Golf course in Tempe, Arizona

ASU Karsten Golf Course was a classic designed links-style golf course in Tempe, Arizona, located on the campus of Arizona State University. Designed by noted course architect Pete Dye, it opened for play in September 1989 and was the home venue of the Sun Devils golf teams.

Karsten Golf Course closed on May 5, 2019, in order to be developed into sports fields. ASU moved their golf course to the nearby Papago Golf Course after striking a 30-year management agreement with the City of Phoenix, Papago's owner.

==Creation==
Privately funded, the largest single contributor was Karsten Solheim (1911–2000), the founder of Phoenix-based PING golf clubs. The clubhouse and ASU players' facility
were completed in November 1994. It was located at the northeast edge of campus, east of Sun Devil Stadium. The elevation of the course is approximately 1150 ft above sea level.

==History==
The course was considered to many as the Home of Champions, referring to ASU's strong collegiate golf program's national titles; twice in men's (1990 and 1996) and seven times in women's (1990, 1993, 1994, 1995, 1997, 1998, 2009). Alumni among PGA and LPGA Tour professionals include Phil Mickelson, Jon Rahm, Billy Mayfair, Paul Casey, Howard Twitty, Tom Purtzer, Pat Perez, Matt Jones, Chez Reavie, JoAnne Carner, Heather Farr, Grace Park, Azahara Muñoz, Anna Nordqvist, and Carlota Ciganda.

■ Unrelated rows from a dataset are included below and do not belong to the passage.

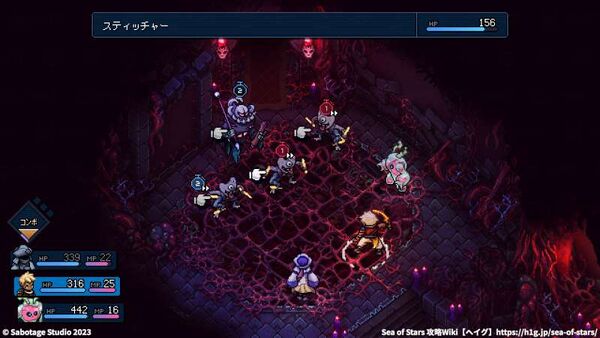 ソウルキュレーター戦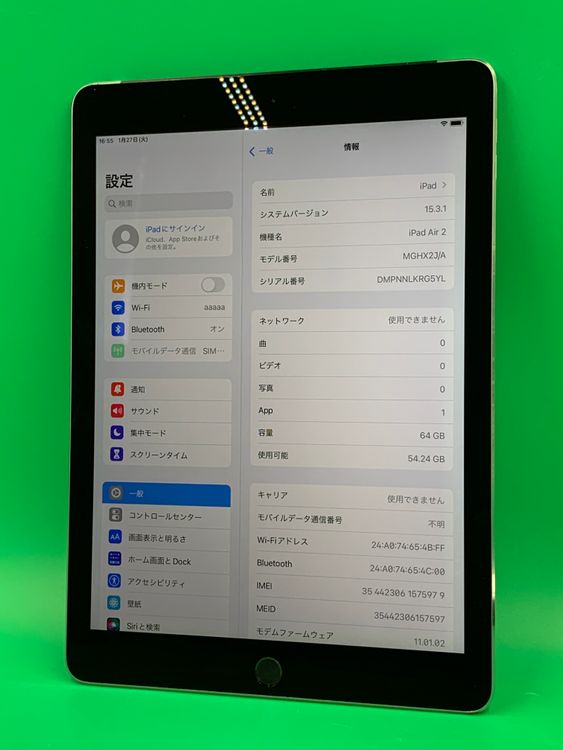 ����� iPad Air ��2���� Wi-Fi+Cellular 64GB SIM�� ����Ǥ���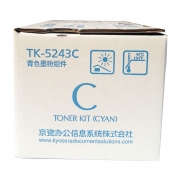 京瓷(KYOCERA) TK-5243C 墨粉 适用于京瓷P5026/M5526 青色(计价单位：个）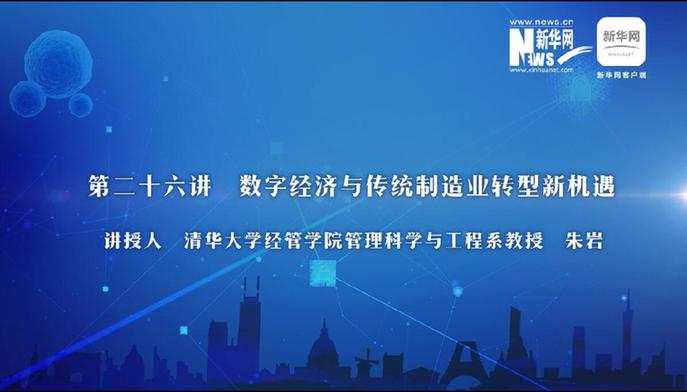 第26期：朱岩解读数字经济与制造业转型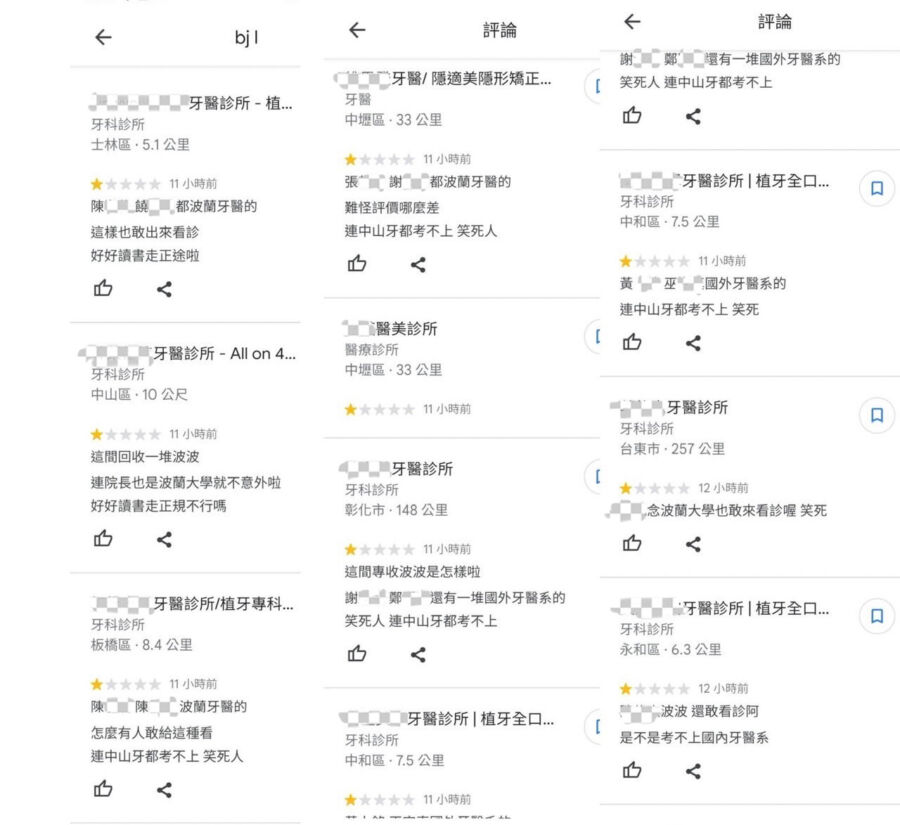 民眾選診所、醫院先問Google？醫師嘆：惡意評論衝擊大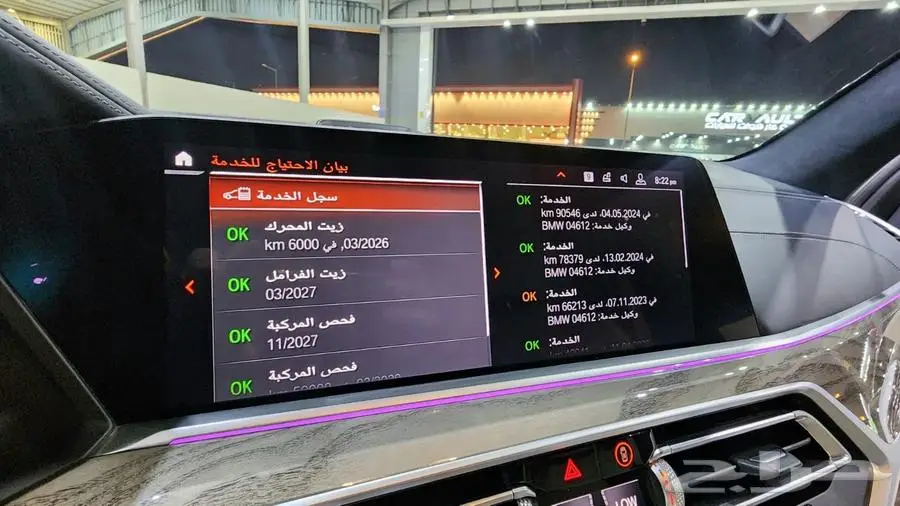 بي ام X7 Kit M 2019 56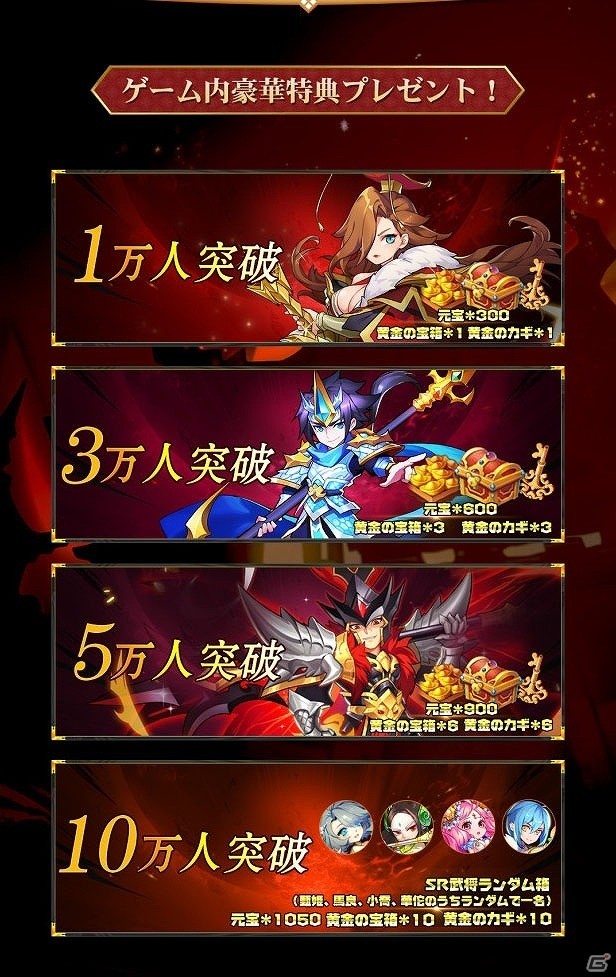 三国志をテーマにしたiOS/Android向けアプリ「三国 -IKUSA-」の事前登録が1月25日より開始！SR武将などが手に入るキャンペーンもの画像2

Awarded a high 4½ rating by Golf Digest Rating Panel, a number of holes were considered the course’s signature hole. The short par-four 4th hole, the tough par-four 9th, the dauntingly long par-three 16th (248 yd from the tips) or the ill humor par-four 18th, guarded by water down the left side, was considered one of the toughest finishing holes in the state. The course hosted tournaments, including the collegiate Men’s and Women’s Pac-10 and NCAA Championships, Phoenix Thunderbirds Collegiate Invitational, PING Invitational, and U.S. Open Qualifying.